Problem description →
After locating the line that contains "V Yaka Pul İşlemeli Kadın Triko Hırka - Taş", transcribe exactly that line and each one after it until the data ends, skipping pictures.

Supplied information →
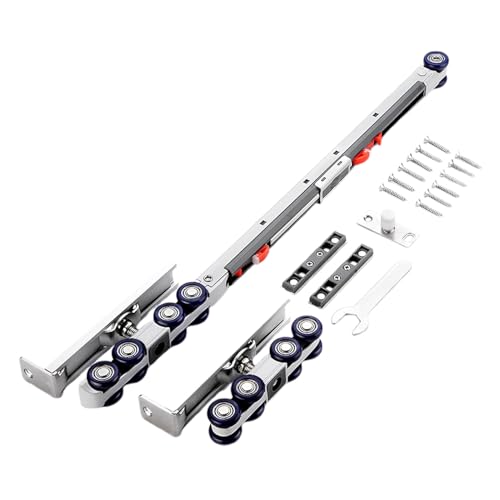 Sliding Door Track Kit - Barn Door Hardware, Wood Door Hardware | Heavy Duty Soft Close Sliding Kit, Rustic Stainless Steel Door Roller Track System, Ideal for Kitchen Closet Cupboard Bathroom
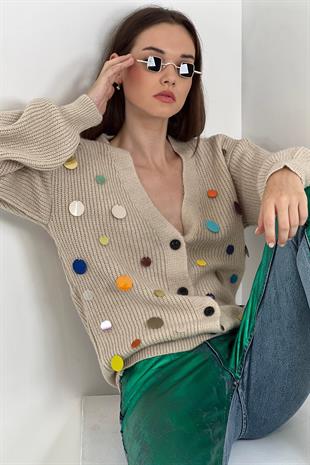 V Yaka Pul İşlemeli Kadın Triko Hırka - Taş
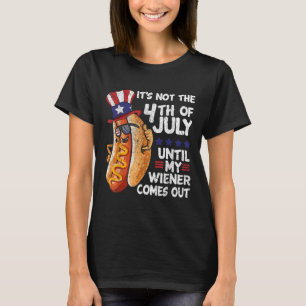 Camiseta Engraçado 4º De Julho O Quente-Canino Sai Do Par D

Solved exercise →
 V Yaka Pul İşlemeli Kadın Triko Hırka - Taş
 Camiseta Engraçado 4º De Julho O Quente-Canino Sai Do Par D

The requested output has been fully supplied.